Give back each line of the data exactly as it reads, minus the pictures.

» Free-text object descriptions:
*** Block opens ***

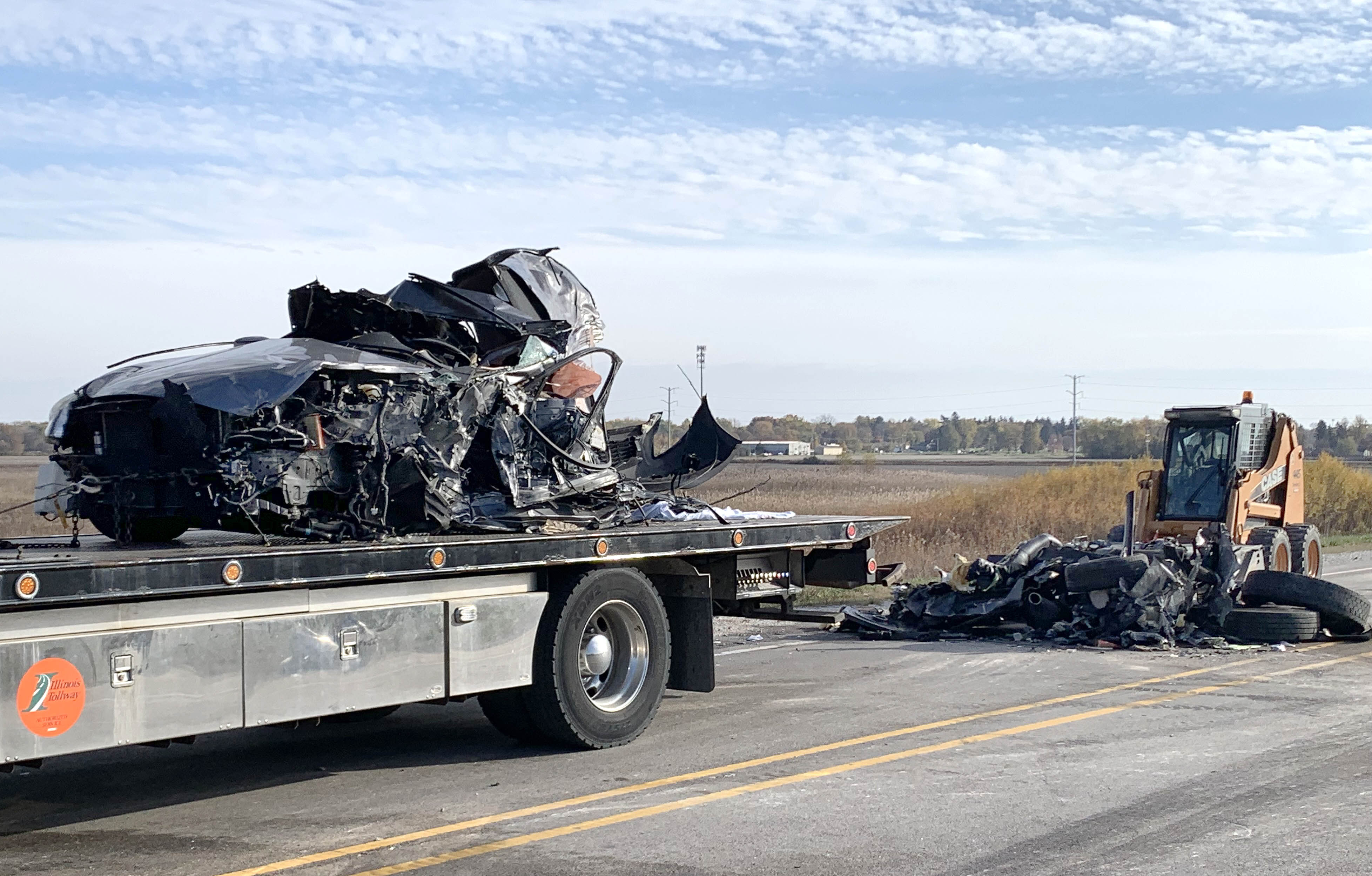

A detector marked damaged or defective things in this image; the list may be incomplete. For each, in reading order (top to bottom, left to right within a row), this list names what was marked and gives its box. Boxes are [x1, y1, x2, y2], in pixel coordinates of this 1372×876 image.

crumpled metal wreckage [35, 247, 741, 544]
severely crushed car [38, 247, 741, 544]
detached tire [519, 573, 668, 747]
crumpled metal wreckage [842, 528, 1279, 651]
detached tire [1218, 606, 1313, 640]
detached tire [1246, 528, 1291, 575]
detached tire [1279, 522, 1319, 578]
detached tire [1240, 573, 1369, 631]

*** Block closes ***

» ANSWER FOR THE TASK:
A detector marked damaged or defective things in this image; the list may be incomplete. For each, in reading order (top to bottom, left to right within a row), this list names what was marked and gives its box. Boxes are [x1, y1, x2, y2], in pixel coordinates of this 1372×876 image.

crumpled metal wreckage [35, 247, 741, 544]
severely crushed car [38, 247, 741, 544]
detached tire [519, 573, 668, 747]
crumpled metal wreckage [842, 528, 1279, 651]
detached tire [1218, 606, 1313, 640]
detached tire [1246, 528, 1291, 575]
detached tire [1279, 522, 1319, 578]
detached tire [1240, 573, 1369, 631]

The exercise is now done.